7/10
Great music, but the editing is choppy at times
14 August 2023
It's a musical biopic of the Chess Records company until the death of its owner in 1968. It follows the development of commercial blues music in Chicago through the eyes of Leonard Chess, Muddy Waters, and Willie Dixon.

The film opens with Muddy Waters (Jeffrey Wright) singing in the fields of Mississippi but soon follows him to Chicago as part of the great migration. Leonard Chess (Adrien Brody) operates a jazz club in Southside Chicago and begins to produce records. Muddy Waters is his first blues artist. We also meet Willie Dixon (Cedric the Entertainer), who narrates part of the movie, Little Walter (Columbus Short), Howlin' Wolf (Eamonn Walker), Chuck Berry (Yaslin Bey), and Etta James (Boyoncé).

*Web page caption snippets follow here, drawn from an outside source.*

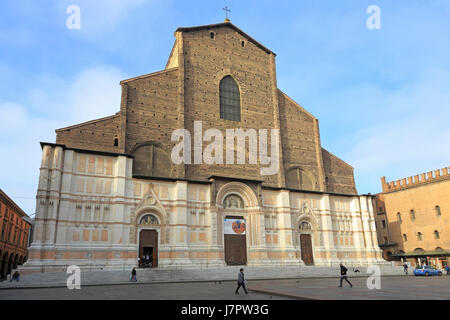 La facciata incompiuta della Basilica di San Petronio, Piazza Maggiore, Bologna, Emilia Romagna, Italia, Europa Foto Stock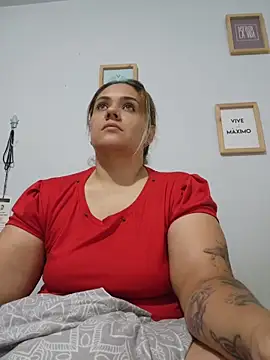 LoreinnFox online show from May 3, 2026, 4:39 am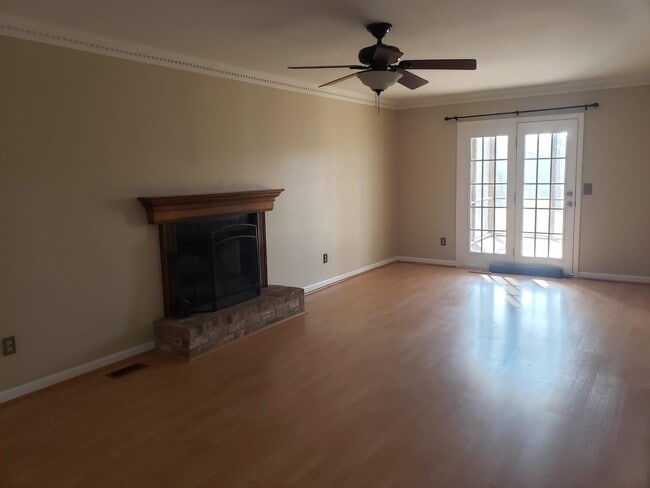 Building Photo - 2180 Riverway Dr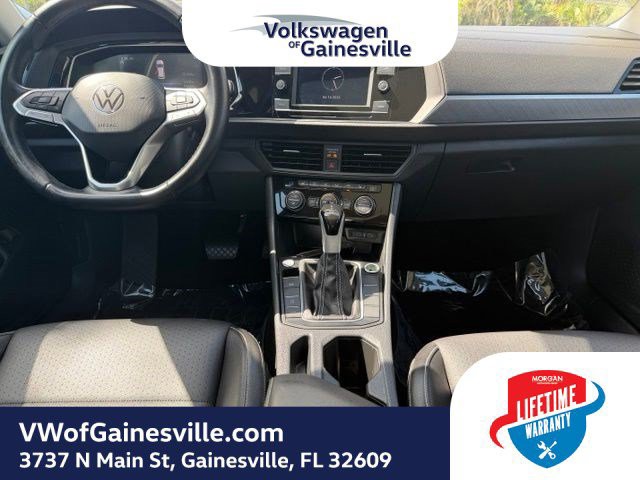 Certified Used 2024 Blue Volkswagen 1.5T SE image 11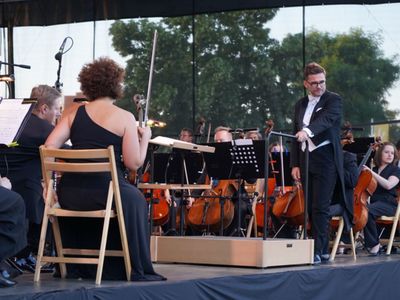 2 lipca 2022 r. Filharmonia Zielonogórska zakończyła sezon artystyczny, wykonując wraz z orkiestrą partnerskiej Filharmonii Gorzowskiej koncert „Ale Kosmos!”. Zabrzmiały „Planety” angielskiego kompozytora Gustava Holsta. 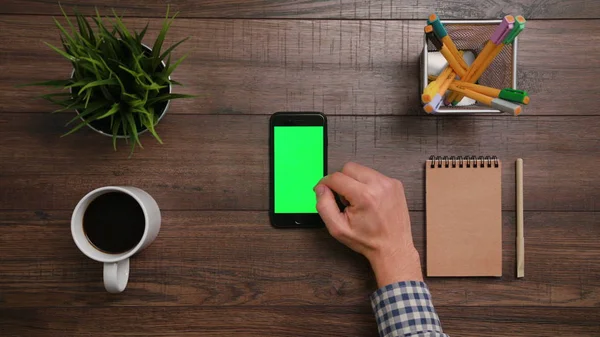 Bir parmak tomar üstünde Smartphone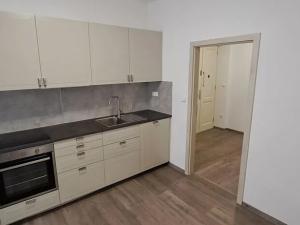 Pronájem bytu 2+1, Praha - Krč, U strže, 91 m2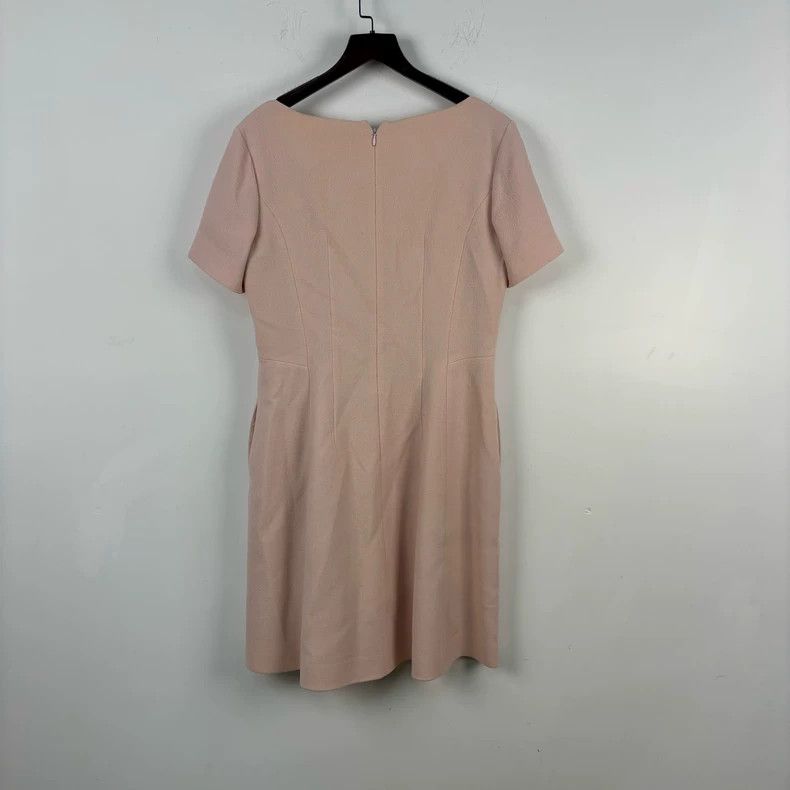 Dior Dior Classic light pink v-neck waist dress Size S / US 4 / IT 40 - 5 Thumbnail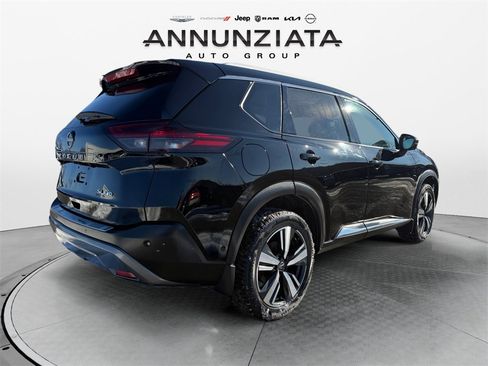 Certified 2023 Nissan Rogue SL w/ SL Premium Package image 5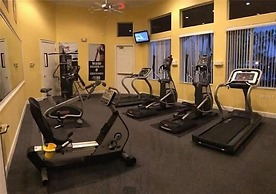 3br, 2.5ba Townhome W/ Lake View, Sunny Rear Yard 3 Bedroom Townhouse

"Cadillac Records" suggests that Chess, a white man, essentially cheated his African American singers through shady contracts. He often bought them Cadillac cars, not telling them that he bought them with their royalties.

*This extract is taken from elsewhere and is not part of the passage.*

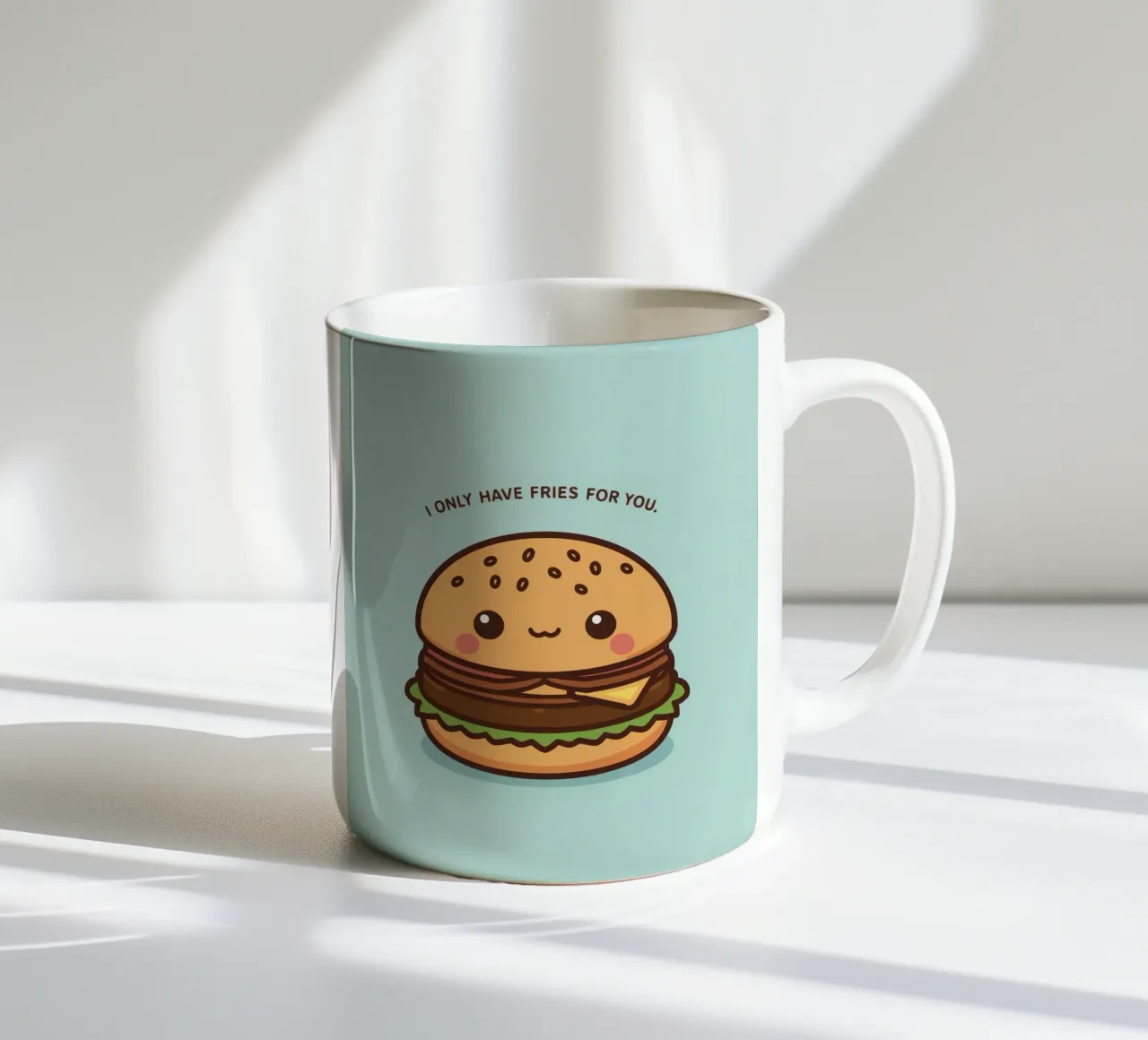 Simpatico hamburger felice con sovrapposizione divertente tazza in ceramica da DesignDoodle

"Cadillac Records" musical score is fantastic, especially Boyoncé as Etta James and Eamonn Walker as Howlin' Wolf. I thought Jeffrey Wright didn't quite have the edge of Muddy Waters. Much of the "history" is creative nonfiction. The movie compresses many events and leaves out many nuances. It implies a focus of Chess Records on blues that didn't exist. Adrien Brody makes Leonard Chess an unlikeable man; that was probably an intent that succeeded. "Cadillac Records" clearly shows the place of alcohol and drugs in the blues world.

The film's editing feels choppy at points as it tries to jam 25-30 years of events into coherence. But it all comes back to the great music.